Por todo lo que oía Juan sobre el vicio y la iniquidad en Roma y el libertinaje y la esterilidad moral del imperio, por lo que él sabía de las fechorías de Herodes Antipas y de los gobernadores de Judea, se inclinaba a pensar que se acercaba el fin de la era. Le parecía a este noble y rudo hijo de la naturaleza que el mundo estaba maduro para el fin de la era del hombre, para el alborear de una era nueva y divina: el reino del cielo. En el corazón de Juan fue creciendo la convicción de que había de ser el último de los antiguos profetas y el primero de los nuevos. Vibraba con el sobrecogedor impulso de salir y proclamar a todos los hombres: «¡Arrepentíos! ¡Andad bien con Dios! Preparaos para el fin; preparaos para el advenimiento del nuevo orden eterno de los asuntos terrenales, el reino del cielo».



4. LA MUERTE DE ELIZABETH

El 17 de agosto del año 22 d. de J. C., cuando Juan tenía veinte y ocho años de edad, su madre falleció repentinamente. Los amigos de Elizabeth, conociendo las restricciones nazareas respecto al contacto con los muertos, incluso los de la propia familia, hicieron todos los arreglos para el entierro de Elizabeth antes de mandar a llamar a Juan. Al recibir Juan la noticia de la muerte de su madre, instruyó a Ezda que condujera sus rebaños a En-Gedi y partió hacia Hebrón.
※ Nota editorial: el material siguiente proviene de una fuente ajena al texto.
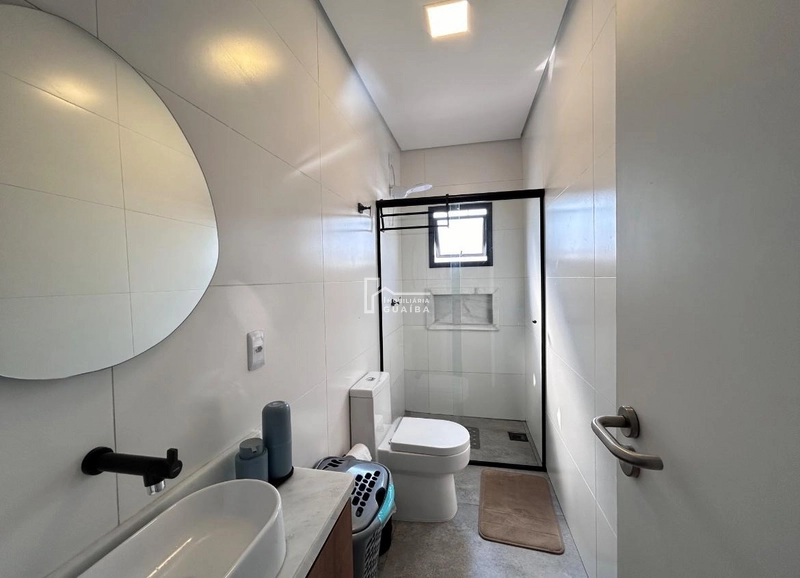 Casa moderna em ótima localização!: 6ª foto da galeria de imagens do imóvel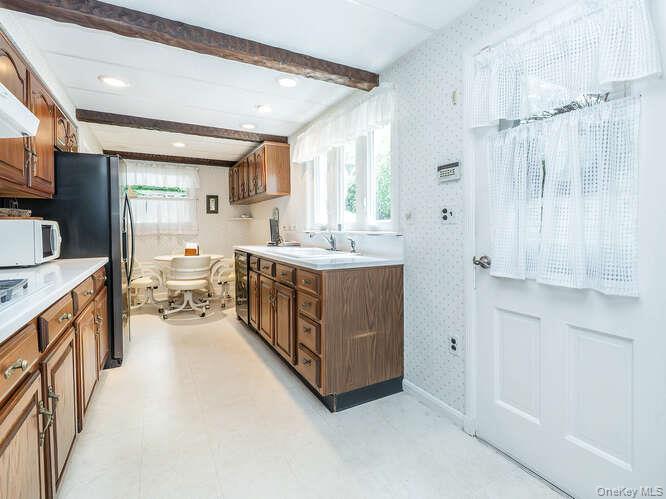 15 Cleveland Avenue, Glen Head, NY 11545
A su regreso a En-Gedi, después del funeral de su madre, donó sus rebaños a la hermandad y durante una temporada se apartó del mundo exterior para ayunar y orar. Juan tan sólo conocía los métodos antiguos de acercarse a la divinidad; tan sólo conocía las historias de Elías, Samuel y Daniel. Elías era su ideal de profeta. Fue el primero de los maestros de Israel que llegó a ser considerado un profeta; Juan creía verdaderamente que habría de ser el último en este largo e ilustre linaje de mensajeros del cielo.
Por dos años y medio vivió Juan en En-Gedi, convenciendo a la mayoría de los miembros de la hermandad de que «se acercaba el fin de la era», que «el reino del cielo estaba por aparecer». Sus primeras enseñanzas de esa época estaban basadas en la idea y concepto judíos, corrientes por ese entonces, de un Mesías que habría de ser el liberador prometido de la nación judía; el que la habría de liberar de la dominación de sus potentados gentiles.
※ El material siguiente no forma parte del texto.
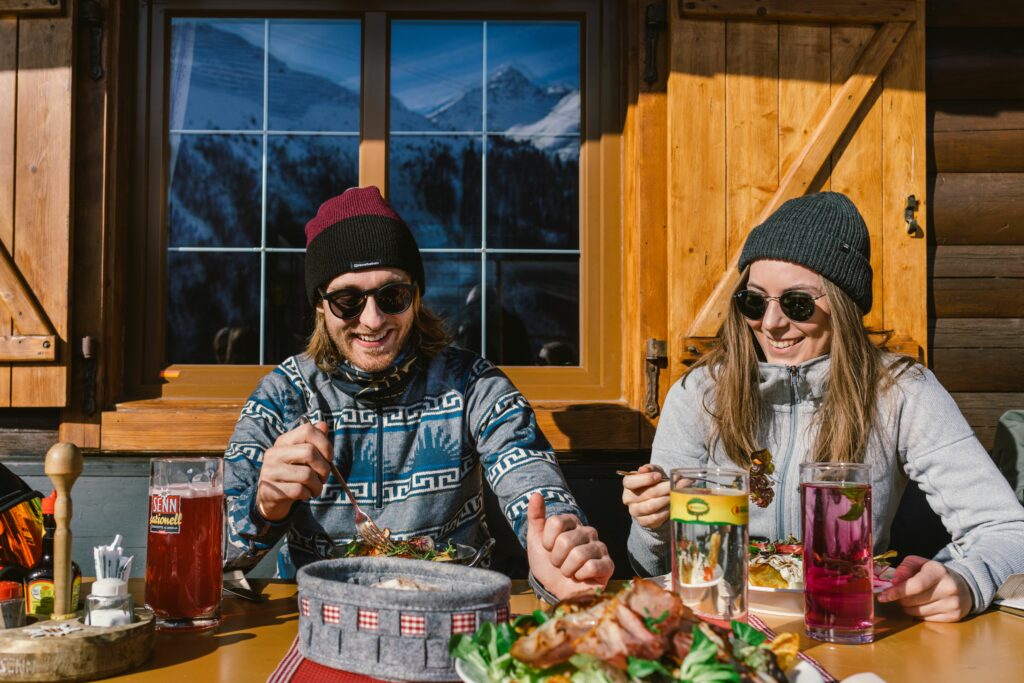 Hütteneinkehr beim Skifahren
Durante todo este período Juan leyó mucho los escritos sagrados que encontró en la morada de los nazareos en En-Gedi. Le impresionaron especialmente los escritos de Isaías y Malaquías, los últimos profetas hasta ese momento. Leía y releía los últimos cinco capítulos de Isaías, y creía en estas profecías. Luego leía en Malaquías: «He aquí, yo os envío el profeta Elías antes que venga el gran y terrible día del Señor; y él hará volver el corazón de los padres hacia los hijos, y el corazón de los hijos hacia los padres, no sea que yo venga e hiera la tierra con maldición». Y solamente fue esta promesa de Malaquías de que Elías habría de regresar lo que hizo que Juan se abstuviera de salir a predicar sobre el advenimiento del reino y de exhortar a sus compatriotas a que escaparan de la ira venidera. Juan estaba listo para la proclamación del mensaje del advenimiento del reino, pero la anticipación del regreso de Elías lo frenó por más de dos años. Sabía que él no era Elías. ¿Qué quería decir Malaquías? ¿Era la profecía literal o figurada? ¿Cómo podía conocer la verdad? Finalmente se atrevió a pensar que, puesto que el primero de los profetas se llamaba Elías, así también el último sería conocido finalmente por el mismo nombre. A pesar de todo, mucho dudaba Juan, tanto dudaba que nunca se llamó a sí mismo Elías.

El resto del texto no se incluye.